Maar als je tussen de bouwvakkers (en vuilnismannen) op een regenachtig Jaarbeursplein luistert naar de toespraak van jouw bondsvoorzitter (John Kerstens), dan is het toch wel vreemd om je te realiseren dat jíj ondertussen betaald wordt van hún contributie. En dan is het fijn dat je in elk geval het gevoel hebt dat je er staat om te knokken voor hún AOW. Want voor mij maakt het niet zoveel uit of ik nu door moet werken tot 65 of tot 67. Maar voor een bouwvakker of een vuilnisman ligt dat wel even anders. Die zijn op hun 60e of hooguit 61e toch echt wel aan het eind van hun Latijn. En velen al een stuk eerder.

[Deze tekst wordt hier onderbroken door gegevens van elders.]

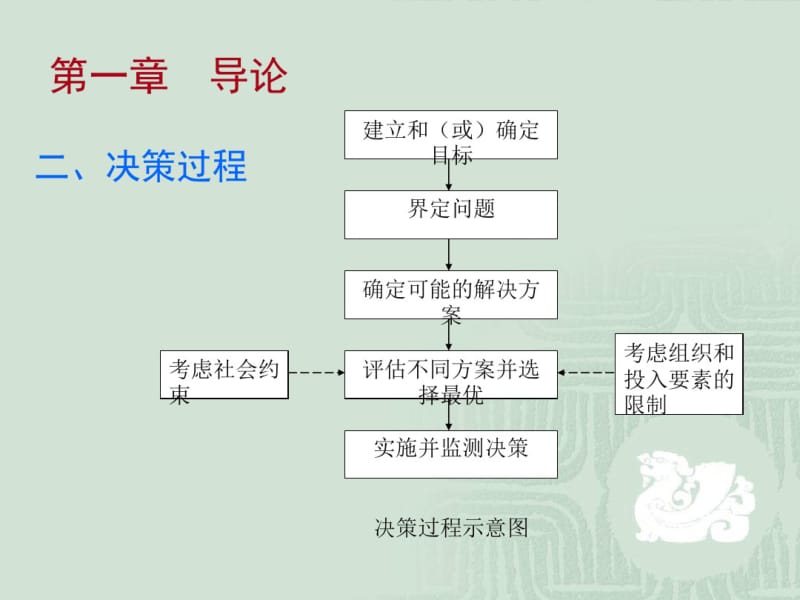 【优质文档】西安交大MBA之管理经济学.pdf_第3页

Ik ben daarom blij met de richting die de ideeën van de FNV inmiddels opgaan: een goede uitkering op 65 jaar voor de mensen die dat nodig hebben, de mogelijkheid om door te werken voor mensen die dat kunnen en willen en aanvullende maatregelen om ervoor te zorgen dat er dan ook werk ís voor deze mensen. Lijkt mij persoonlijk ook beter uitvoerbaar dan het plan van GroenLinks om de AOW afhankelijk te maken van het arbeidsverleden: 40 jaar werken = recht op AOW (met ondergrens van 63 jaar). Daar zitten namelijk praktische haken en ogen aan. Zo moet je van iedereen het arbeidsverleden gaan bijhouden, wat administratieve kosten oplevert. Ook vraag ik me af of de grens van 70% van het minimumloon (om werk te laten meetellen voor het arbeidsverleden) niet leidt tot indirecte discriminatie van (met name laag opgeleide) vrouwen. Tenslotte moet je nu nog beginnen met de registratie van het arbeidsverleden, zodat de maatregel pas in 2056 echt effect sorteert.

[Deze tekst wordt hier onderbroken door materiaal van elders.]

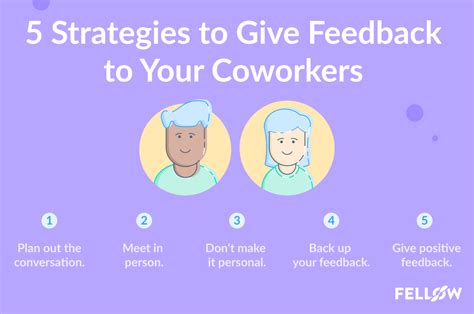 How to Give Feedback to Colleagues: Examples, Tips, and …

Maar zo lang ouderen nog zoveel moeite hebben werk te vinden, blijft het eigenlijk een onzindiscussie. Want dan kost het minder om op 65 categoraal AOW toe te kennen dan om dezelfde ouderen in WW, IAOW of bijstand te hebben (aangezien daar veel meer controle, re-integratiebegeleiding, coaching en dergelijke aan te pas komt).
Laten we daarom hopen dat het kabinet niet een onzinnige, symbolische maatregel neemt ten aanzien van de AOW, maar samen met sociale partners en andere maatschappelijke organisaties gaat nadenken over een goed pakket aan maatregelen om het probleem van de vergrijzing aan te pakken. Dat probleem speelt immers pas echt over een aantal jaren, waardoor er tijd is om goede alternatieven uit te werken. Dit in tegenstelling tot de crisis, die nu al overal voelbaar is, maar waarvan het kabinet dan weer wél vindt dat er best nog meer dan een half jaar over oplossingen kan worden nagedacht.
En nog maar eens voor de duidelijkheid: de crisis en de AOW-discussie hebben niets met elkaar te maken!